“Manchester by the Sea” stars Casey Affleck as Lee Chandler, a quiet, boorish janitor who is called back to Manchester after his brother, Joe Chandler (played by Kyle Chandler), passes away. There, he mourns his brother’s death, as well as handles the difficulties of becoming the new guardian for Joe’s only child Patrick (played by Lucas Hedges), forcing Lee to face his past. We follow these two in an agonizing story of hardships and mishaps as Lee tries to figure out what is best for both of them in one of the most heart wrenching movies of the year.

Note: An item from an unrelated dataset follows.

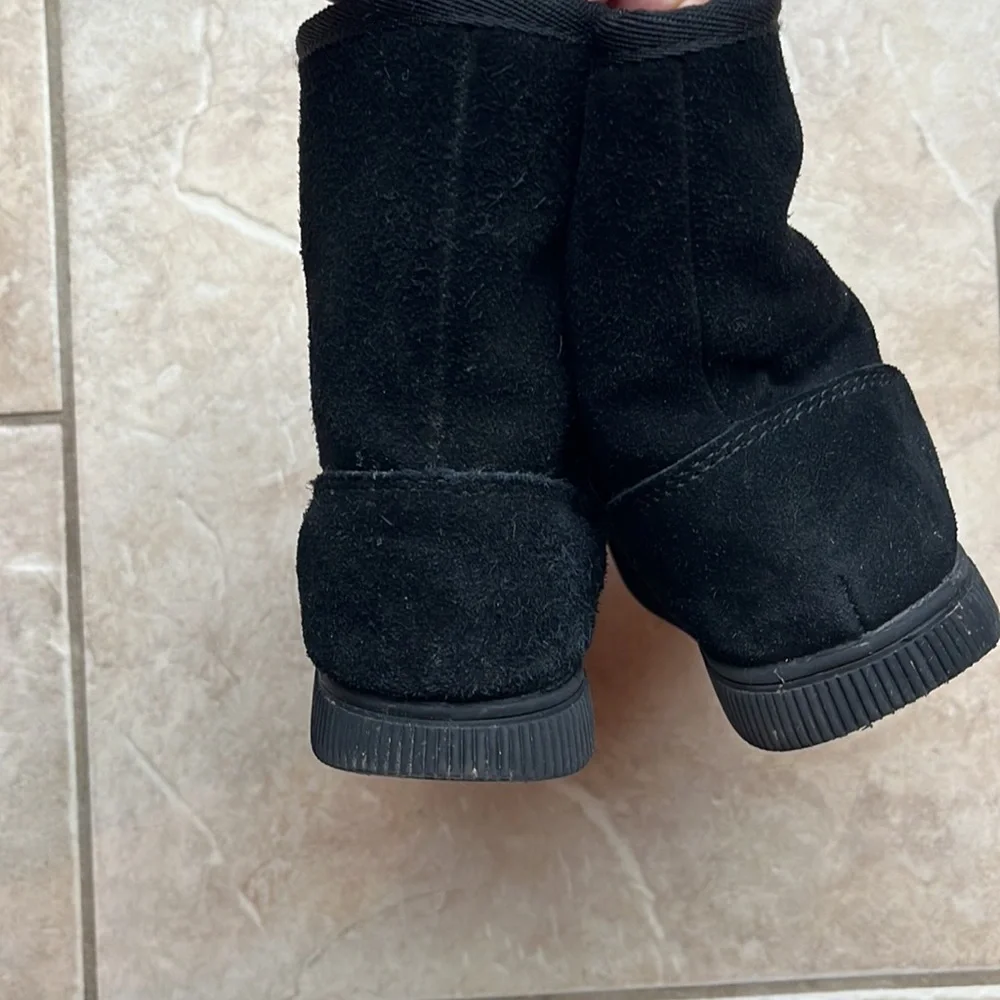 Cat & Jack boots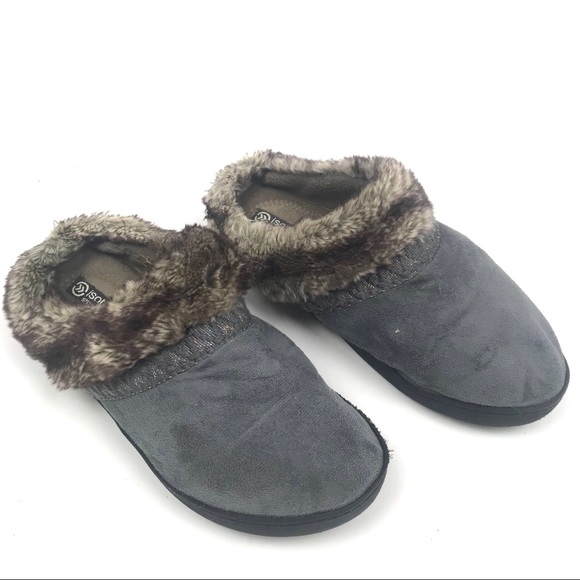 Isotoner 8.5-9 Smart Zone 2 Slip On Fur Slippers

I was stunned at the beauty and craftsmanship that Kenneth Lonergan (director and writer) made this movie with. The reoccurring, long panning shots over the water of Manchester and of Manchester itself blew me away. The amount of tact that these clips were edited in gave us as the audience breathing room throughout the film as well as the sheer beauty of each shot.
Lonergan tells the story using flashbacks to different points in the past to provide backstory for characters when necessary. Traditionally, I find this way of storytelling overused, cheesy, and ineffective. However, Lonergan masterfully presents these flashbacks in a way that doesn’t feel disjointed with the film and in fact, is used as a method to progress character development when necessary, rather than using them as a scapegoat for exposition.
What blew me away the most about this film was its ability to make the story feel real and human. The script makes each moment seem as if we are watching someone’s life unfold, rather than sitting in a theater watching a movie. It was able to create scenes that evoked true emotion from the audience, as well as giving us scenes that held real humor that felt genuine and spontaneous. At times, I felt the score could be a touch overbearing, but that was not enough to persuade me from not adoring this movie.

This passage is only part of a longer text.